Reposted from 26 LexiLine 2007 Indus Valley Script as Astronomy and Compared to Easter Island ScriptDaniel Salas has alerted me to his website and his interpretation of "
Indo-European Sanskrit decipherment of the Indus Valley script " as astronomy. He writes there:
"
I found that the Indus Valley script signs matched the star constellations along the ecliptic. "
I am very sympathetic to his approach since it mirrors some of my own views about the common astronomical origin of many symbols in disparate cultures.
I do not however agree with many of his individual interpretations, but I think he is definitely on the right track in seeing symbols of the Indus Valley script to be astronomical signs for the Nakshatras (ancient Vedic Sanskrit moon stations of the sky). In other words, he is very right in seeing the astronomical connection. I then saw it is my responsibility, based on my experience with ancient astronomical scripts, to identify those symbols that I can.
Below, I compare one of the seals that Daniel Salas shows
on his website with
my decipherment 26 years ago of a wooden tablet from Easter Island known as "Honolulu Tablet No. B. 3622 which I showed to be an ancient zodiac, as published in the year 1981 in
An Astrological Zodiac in the Script of Easter Island. That there is a clear connection between that Easter Island script and the Indus Valley seal pictured byDaniel Salas is beyond doubt, and I interpret the Indus Valley seal accordingly below.
At the bottom of the graphic right (and reproduced next to it left) is the Indus Valley seal pictured by Salas:
To our eye, the second line appears merely to be a variant writing of the same symbols.

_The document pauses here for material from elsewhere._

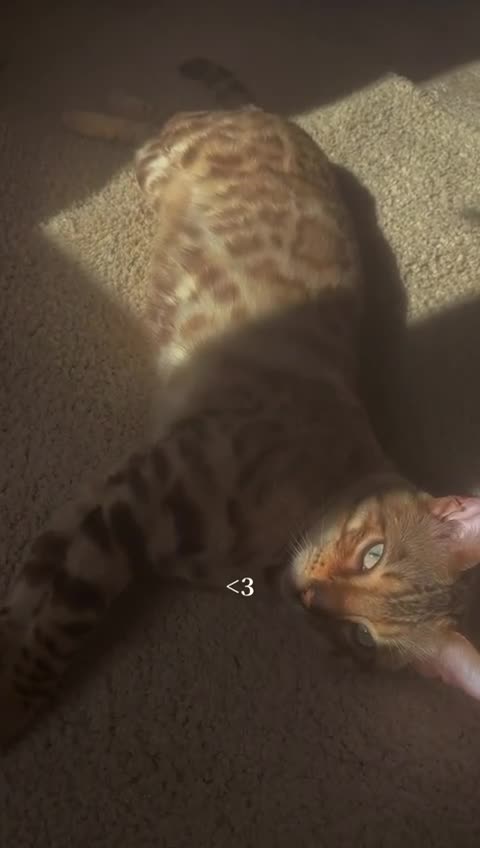 Bengal cats for sale: Glitter Snow Mink Boy - Video 3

In the middle of the page below is found the Easter Island Zodiac deciphered by me in the year 1981:
If we now directly compare the Indus Valley seal with the Easter Island tablet we get the following comparison and identification of astronomical signs:
The second row of symbols on the seal appears to be a variant form of the same group of symbols - or - perhaps this lower group of symbols applies to the southern heavens, which would support the ancient Vedic Sanskrit legends that the ancient seafarers mapped the southern heavens so as to be nearly identical to their northern counterparts. Richard Hinckley Allen in Star Names, Dover Publications, N.Y. 1997, reports of ancient legends that the southern stars were initially created by ancient seafarers to approximate the shape of Northern constellations in similar positions. Allen writes in Star Names (p. 436) as follows:
"
Before the observations of the navigators of the 15th and 16th centuries the singular belief prevailed that the southern heavens contained a constellation near the pole similar to our Bear or Wain; indeed it is said to have been represented on an early map or globe. Manilus wrote:
The lower Pole resemblance bears
To this Above, and shines with equal stars;
With Bears averse, round which the Draco twines;'
and Al Biruni repeated the Sanskrit legend that at one time in the history of the Creation an attempt was made by Visvamitra to form a southern heavenly home for the body of the dead king, the pious Somadatta; and this work was not abandoned till a southern pole and another Bear had been located in positions corresponding to the northern, this pole passing through the island Lunka, or Vadavamukha (Ceylon). The Anglo-Saxon Manual made distinct mention of this duplicate constellation 'which we can never see.'..."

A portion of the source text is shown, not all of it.